Geisa Santos: A mulher que tomou posse de seu lugar e peitou o universo da tecnologia

Saiu no site HUFFPOST:

 

Veja publicação original: Geisa Santos: A mulher que tomou posse de seu lugar e peitou o universo da tecnologia

.

Depois de batalhar para conseguir ter voz em uma área dominado por homens, ela quer ensinar programação para outras meninas e mulheres de diferentes idades.

.

Nos seus 37 anos de vida, Geisa Santos já passou pelo Nordeste de Amaralina, morou na Chapada do Rio Vermelho, e agora vive no Vale das Pedrinhas. Todas elas comunidades periféricas de Salvador. E ela faz questão que essa informação sobre ela seja destacada: “Fale o nome de todos os lugares porque eu quero que as meninas que moram lá vejam que elas também podem ir além”.

.

Fez faculdade de publicidade e propaganda, pós-graduação em tecnologia e agora é mestranda em Comunicação na Universidade Federal da Bahia. Dentro da bolsa, carrega uma caixinha branca decorada com chita. No pescoço, um pen-drive chega a passar despercebido entre os outros pingentes. Os dois objetos, quando analisados um pouquinho mais de perto, entregam a profissão que ela escolheu para a vida: programadora.

.

A caixinha, chamada por ela de caixa-pirata, é uma roteadora – sim, no feminino mesmo – que carrega uma sistema inteiro de computador prontinho para ser usado. No pendrive, há arquivos e mais arquivos sobre como se proteger em ambientes digitais e otras cosita más. Por mais incrível que pareça, ambos objetos são ferramentas de guerrilha feminista. Mas como uma menina da periferia virou essa ciberativista do direito das mulheres e do livre acesso? Bom, ela aprendeu muito em casa.

.

Meus pais me ensinaram a não perder nenhuma oportunidade, porque, no nosso caso, muito possivelmente a gente não teria outra chance. Tudo tem que ser conquistado e, por menor que seja essa conquista, dê valor.

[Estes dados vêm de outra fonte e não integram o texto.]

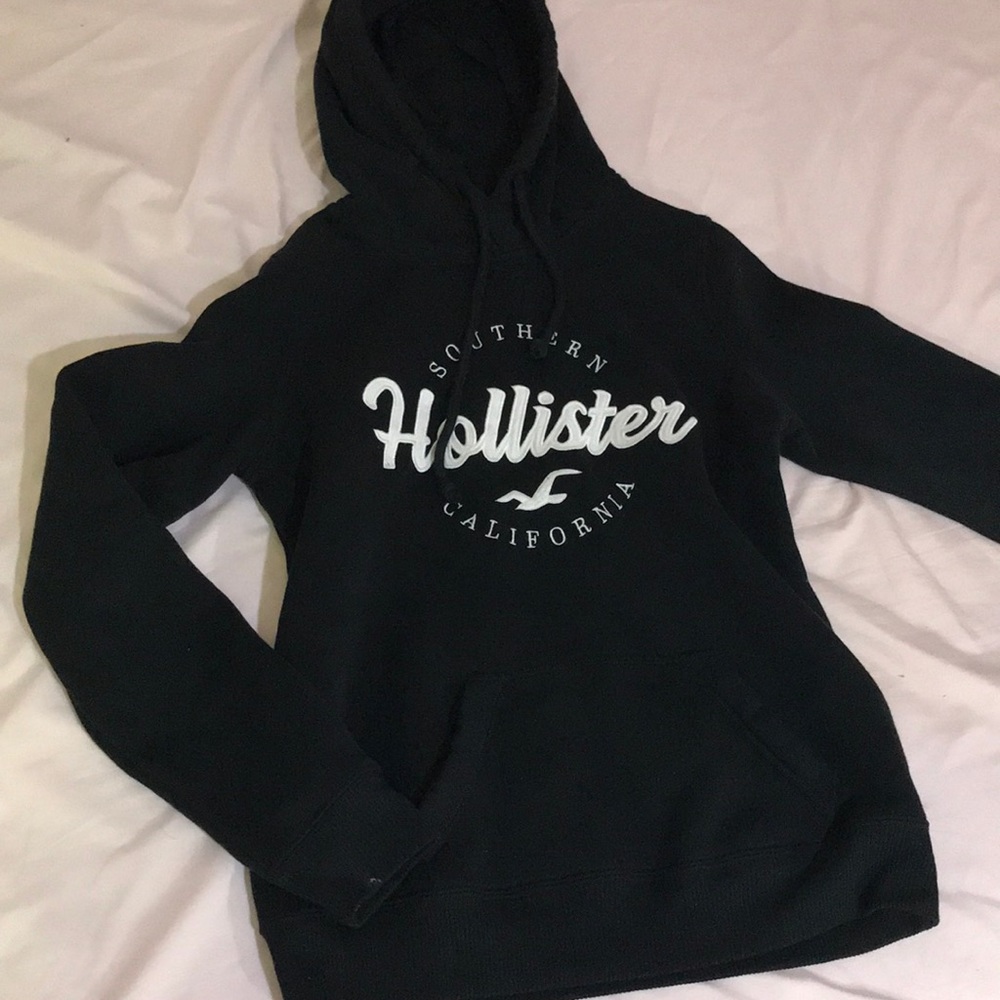 Black hollister hoodie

JUH ALMEIDA/ESPECIAL PARA O HUFFPOST BRASIL

.

Os pais vieram do interior da Bahia. Ele, de Varzedo, e ela de Itacaré. Os dois se conheceram já na capital baiana, onde partilhavam do mesmo objetivo: encontrar melhores perspectivas de vida. Peço licença para falar um pouquinho sobre Dona Inis. Sem ciúmes, seu Guilherme, mas em conversa com o Huffpost Brasil, os olhos de Geisa brilham de jeito especial durante fala sobre sua mãe.

.

Inis fugiu de casa aos 11 anos porque o pai queria casá-la com um homem de 60 anos, em troca de alguns favores. Um pouco antes disso, foi tirada da escola logo depois de aprender a escrever o nome – afinal, para uma mulher, isso bastava. Morando em Salvador, enquanto trabalhava como babá para uma tradicional família soteropolitana, conseguiu terminar o ensino médio. Aos trancos e barrancos, conseguiu colocar as duas filhas na escola particular, pagar aulas de inglês e suprir os constantes pedidos de livros e gibis que surgiam da dupla.

.

“Eu perguntava tanto sobre tudo, que minha mãe comprou aquelas Barsas e me deu porque não aguentava mais responder (risos). Ela me deu a enciclopédia e falou: procure. Quando a questão de conhecimento, ela nunca me negou nada”, conta. Foi vendo a força da mãe dentro de casa, sendo repassada para ela e para a irmã, que aprendeu, sem discutir vertente ou nada do tipo, o que entende como feminismo.

.

Quando me perguntam, em rodas feministas, quem é a minha referência, eu digo: minha mãe. Não tem Simone de Beauvoir, não tem ninguém. É ela.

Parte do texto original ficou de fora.